Another bidding to reclaim former glory is Faugheen with 'The Machine' set to make just his third Cheltenham appearance and belatedly defend his 2015 Champion Hurdle crown against current champion Buveur D'Air.
Not since Istabraq was pulled up 16 years ago in the Champion Hurdle has a crowd been deflated as quickly as when Faugheen was pulled up at Christmas in the Ryanair Hurdle. Many predicted that was the end for the ten-year-old but Mullins feels his subsequent second to Supasundae at the Dublin Racing Festival earlier this month may have been more encouraging than it seemed, although he doesn't know whether the "sparkle" will return.
"He worked well enough to run the last day and ran a grand race, way better than Christmas anyway but he'll have to up his game to try and win at Cheltenham. He mightn't need to be as good as he once was, I still think he's competitive," Mullins said. "We still had plenty of time for him to spark and get better from Leopardstown to the middle of March, we haven't gone downhill at home anyway, we're going up, maybe a bit slower than his usual but he is improving.
"This fella (Faugheen) might never come back and reach the heights that he did.

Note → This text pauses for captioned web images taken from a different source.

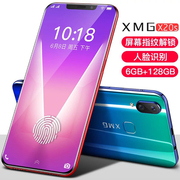 Millet 粿 x23 Liu Haiping 4G điện thoại thông minh Android màn hình lớn siêu mỏng một trò chơi viễn thông đầy đủ Netcom chính hãng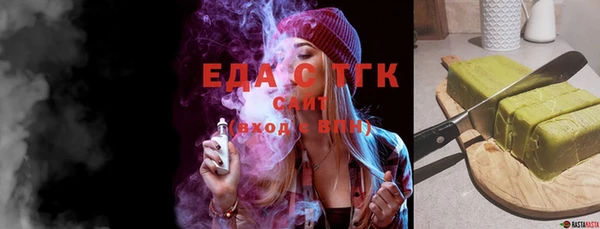 кокаин колумбия Абдулино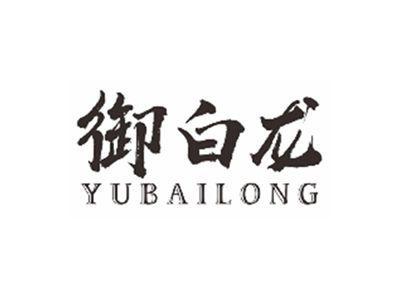 御白龙YUBAILONG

I'm delighted he was what he was and hopefully he can come back to that but age is not on his side, so if it isn't to be it won't be."
With 54 Festival victories, Mullins trails all-time leading trainer Henderson by four but few of his winners have been as enigmatic as Yorkhill, the dual Festival winner talented enough to have held entries for the four major prizes of the week a few months back.
Two disappointing efforts over fences mean the Carlow handler is now "60-40" in leaning towards a tilt at the Champion Hurdle with the Graham Wylie-owned eight-year-old as he would "a lot easier to ride" over the smaller obstacles but a decision will be left until closer to flag-fall.
Few prizes have eluded Mullins in a glittering training career but six Gold Cup seconds leave him still without a blue riband to his name and he reports leading fancy Killultagh Vic to be in fine fettle following a final-fence fall in the Irish Gold Cup while Djakadam (twice runner-up), Total Recall and Bachasson also bid to break his duck.